Where does that leave a research methods course for new graduate students in English? In many ways, these courses act as the first step toward professionalization in graduate programs. If only a handful of these students will become professional academics, what sort of research assignments will benefit the entire cohort most? I’ve scaled the question down to the level of assignment.
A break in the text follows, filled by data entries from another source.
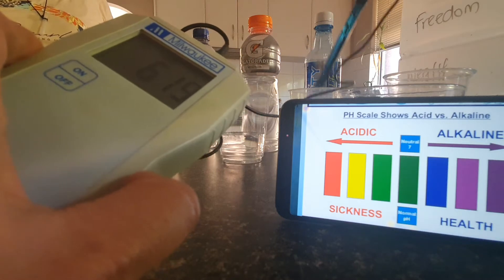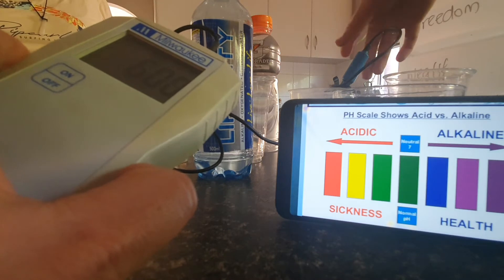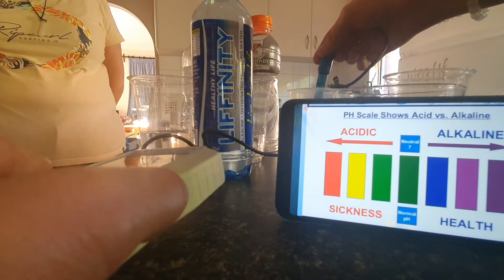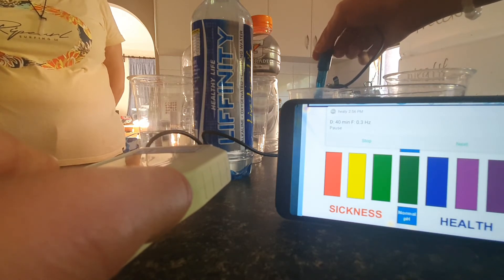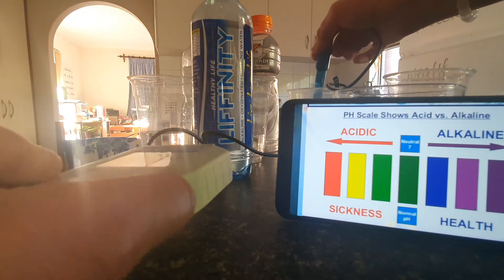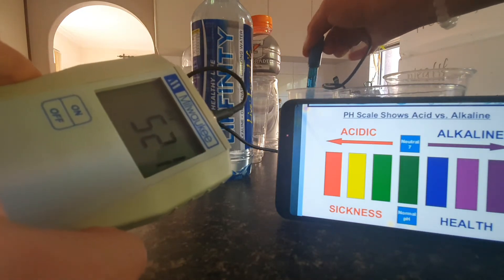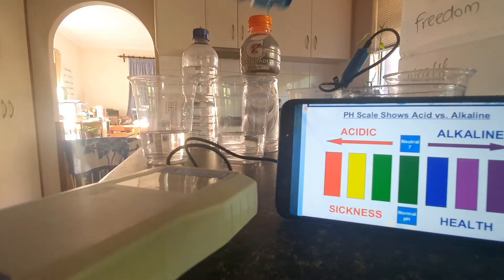And then we've got Infinity — so this is Healthy Life Infinity Alkaline Oxygen-generated drink. And that one's negative. It's dropping, but it's still high negative. Let's see where that one goes. And so this is like the test that we do right before the pH, because once we put the drops in it, we can't use the meter.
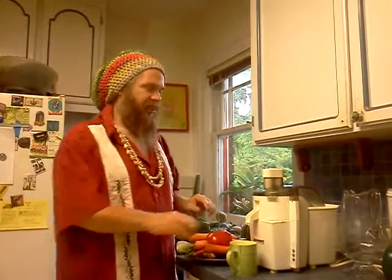Welcome to Juicing with Teeth. I'm Teeth and today we're going to be making some fantastic organic juice.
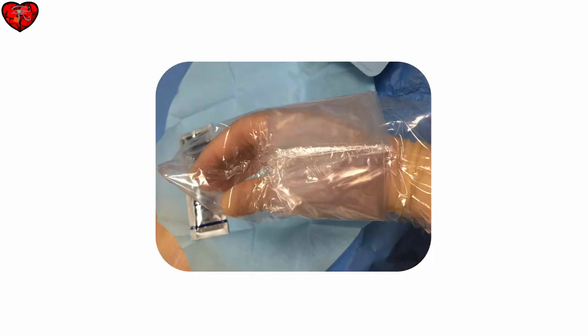Here is a completed probe cover with rubber bands in place. Usually it's best to place the rubber bands close to the probe face and then further down on the probe cord. You can also do this by yourself when you are sterile.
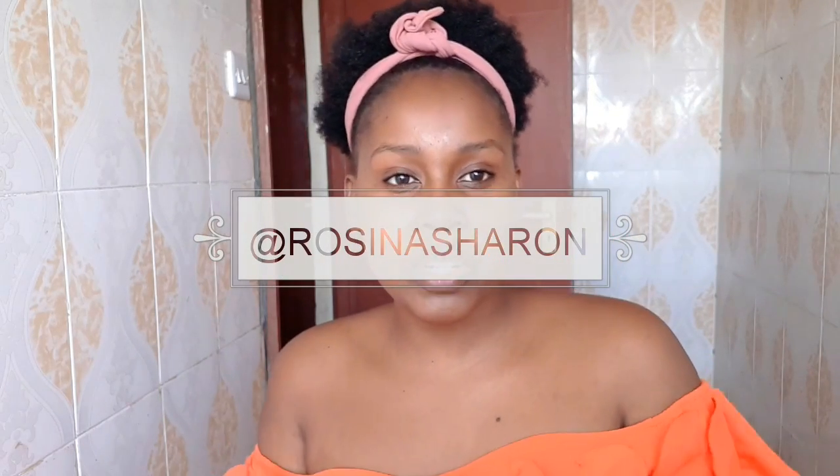Hello beautiful people, welcome back to my YouTube channel! If it is your first time watching, you are so very welcome. I know it's been a while — I'm feeling better now and I'm ready to go.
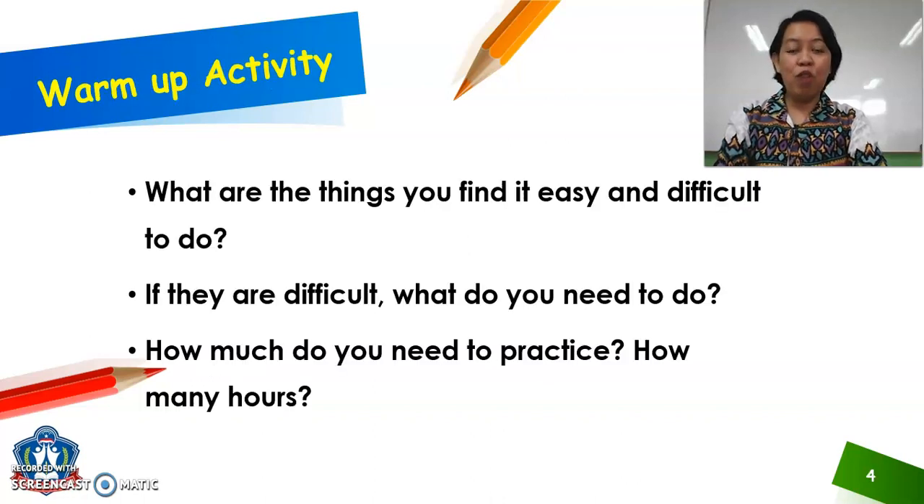Let's move on. For our warm-up activity, here are some questions for you. What are the things you find easy and difficult to do? If they are difficult, what do you need to do? How much do you need to practice, and how many hours? Last meeting, you were sharing with me the things or activities that were easy for you to do. Now this time, you will take note of what are those things that are difficult for you to do and what you need to do so you can achieve it. Take note of your answers and let's share them together during our Zoom meeting.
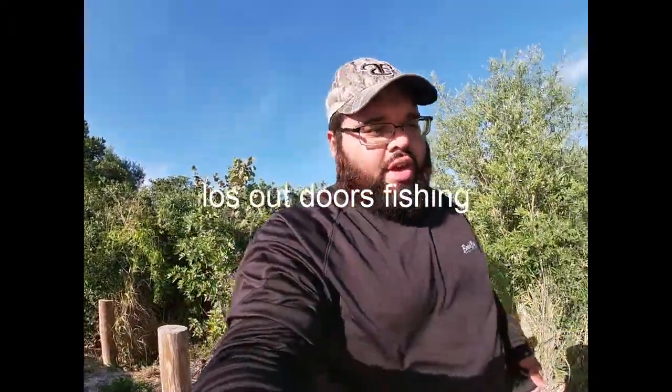Hey guys, this is Nose Outdoors Fishing, back out of the secret spot again. I checked the tides this time — there's an incoming tide. Time check: it is 6:35, so I'm going to wait for the outcoming tide coming in, which will be probably about 9 or 9:30. I did my research and checked the tides. Guys, check before you come fishing and get yourself some nice live shrimp!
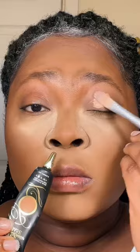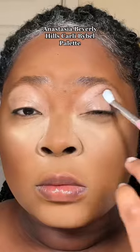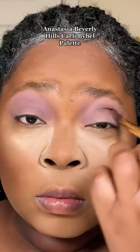Get ready with me — easy chrome makeup tutorial. I'm going to be using the ABH Carli Bybel palette. I haven't seen that many women of color use this palette, but this is going to be my first time trying it out. I really wanted a cool-tone, slightly smoky dual-chrome type of look.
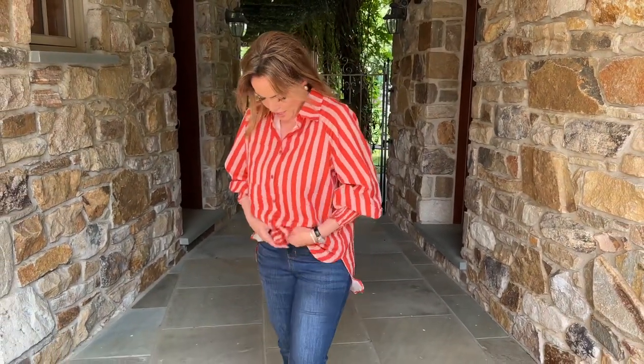It's gonna be shorter in the front and longer in the back. So you can sloppy tuck it if you want. You can tie it in the front if you want. It's gonna be super cute just left out.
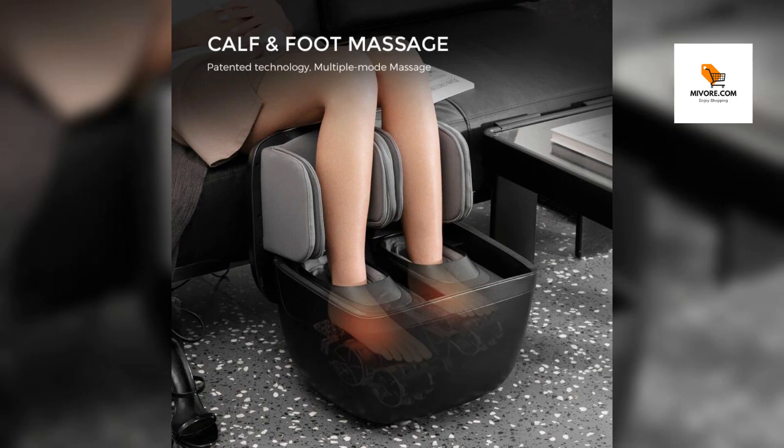After a long day, there's no better way to unwind than with a massage that caters to your calves, ankles, and feet, providing a symphony of shiatsu, air compression, and gentle warmth.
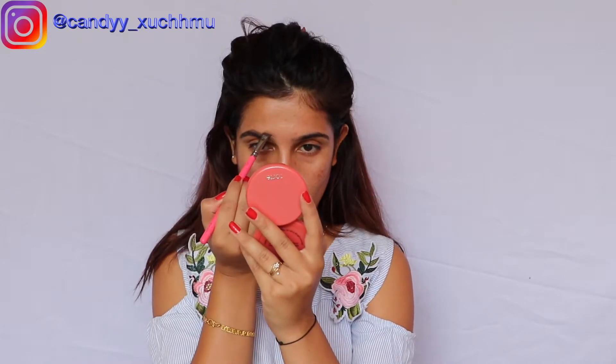I'm using a product called Medium Brown. Now I'm going to conceal my eyebrows — for the concealer I am using this from Legal Pro.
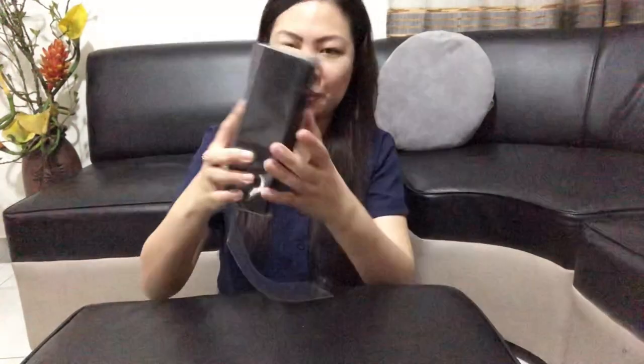Wow! In fairness, ang ganda ng plastic niya.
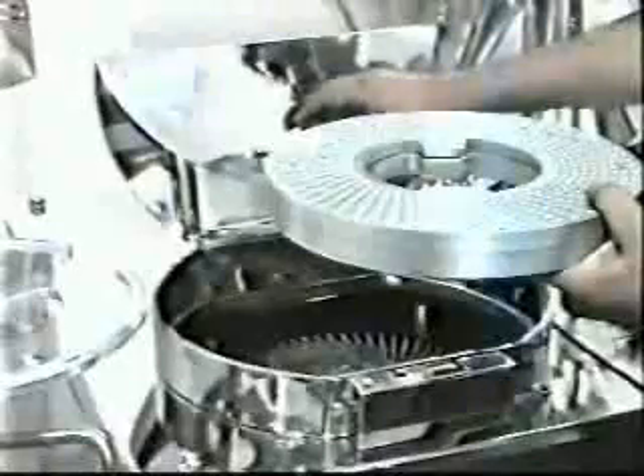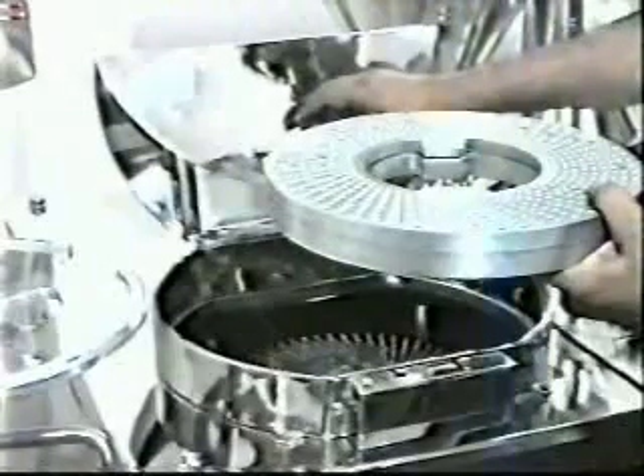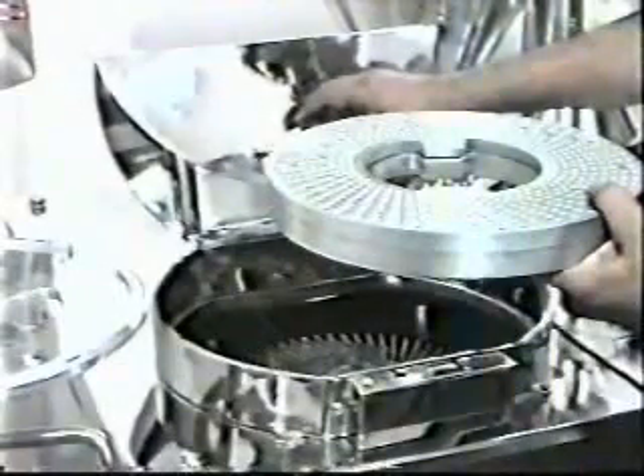The cap ring is then placed over the body ring, and the ring set is removed from the turntable and placed on the closing station where the capsule caps and bodies are rejoined.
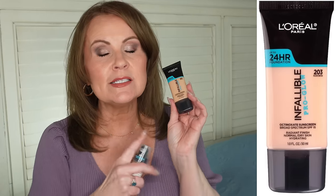For foundation, I've been recommending for a long time the L'Oreal Pro Glow 24-Hour Infallible Wear Makeup. It gives a beautiful natural finish, medium coverage, always looks really good on my mature skin, and lasts all day. If you want something natural and you're on the dry skin side, you might really love this.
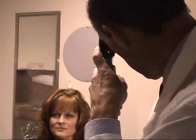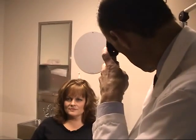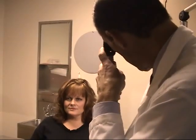Hold the ophthalmoscope in your right hand to examine the right eye, and in your left hand to examine the left eye. From a far away distance, shine the light in each pupil in turn to check for a red reflex.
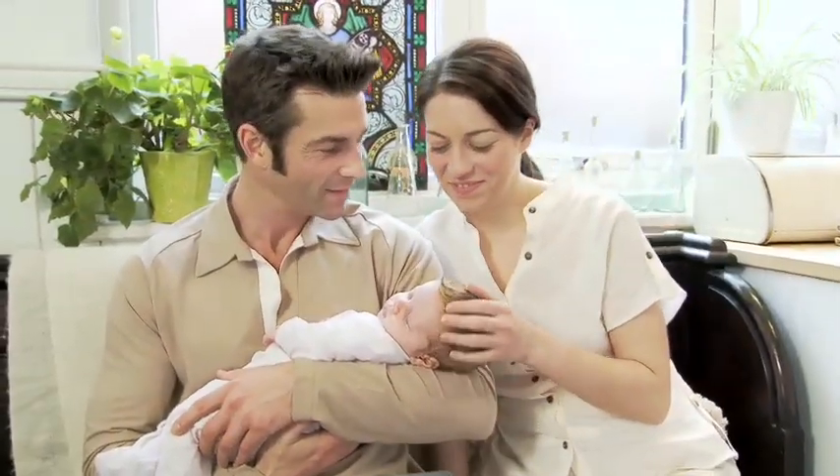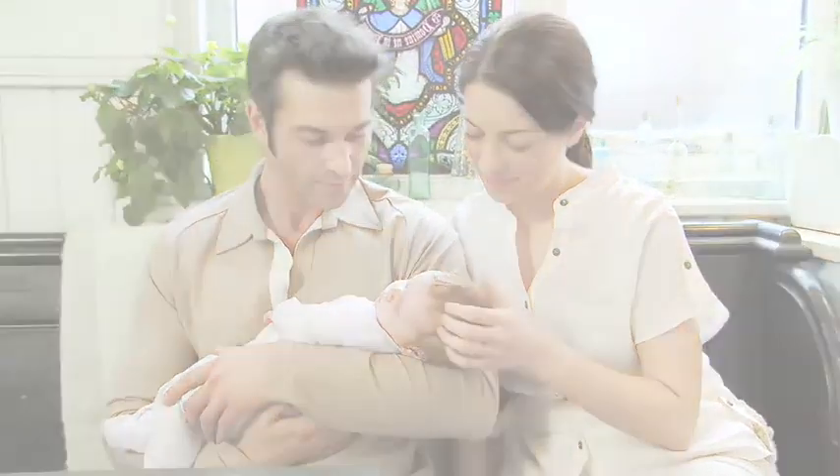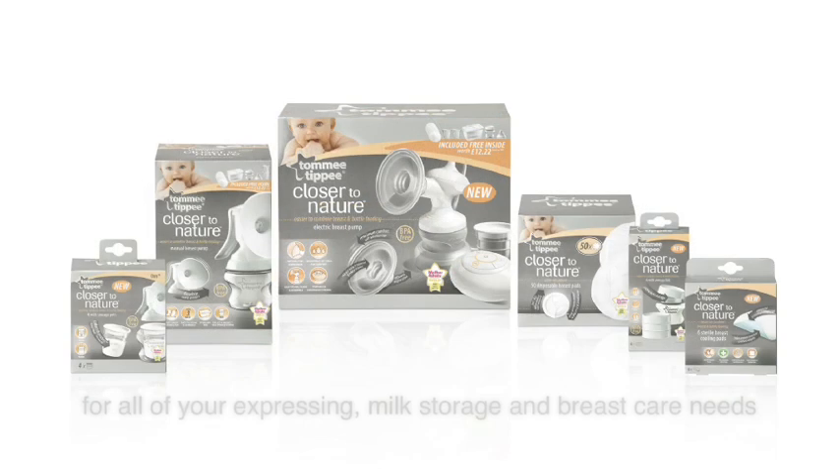For busy mothers who want to breastfeed for longer, Tommy Tippy's electric breast pump is the ideal partner. It gives mums the freedom to express anywhere, at any time, which means that a baby can continue to enjoy all of the nutritional benefits of breast milk, even when mum isn't there.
Clearly, the underlying concerns give rise to questions scaled up to query the future of the profession. For instance, in a report for the Mellon Foundation, Robert Weisbuch and Leonard Cassuto frame professional identity and career aims as two of twelve major concerns for reforming graduate education, in part because of the dismal academic job market. Despite the many people with graduate degrees who will not find tenure-track employment, “the structure of doctoral education often presupposes a faculty career rather than developing forms of expertise with versatile applications across the social sectors” (iv). Untethering graduate training from that assumption will require systematic change, of course, but also relatively minute reconsiderations of what happens in the classroom. Revising course assignments presents one way that faculty can begin this work, even as institutional momentum pushes toward the professionalization of professionalization.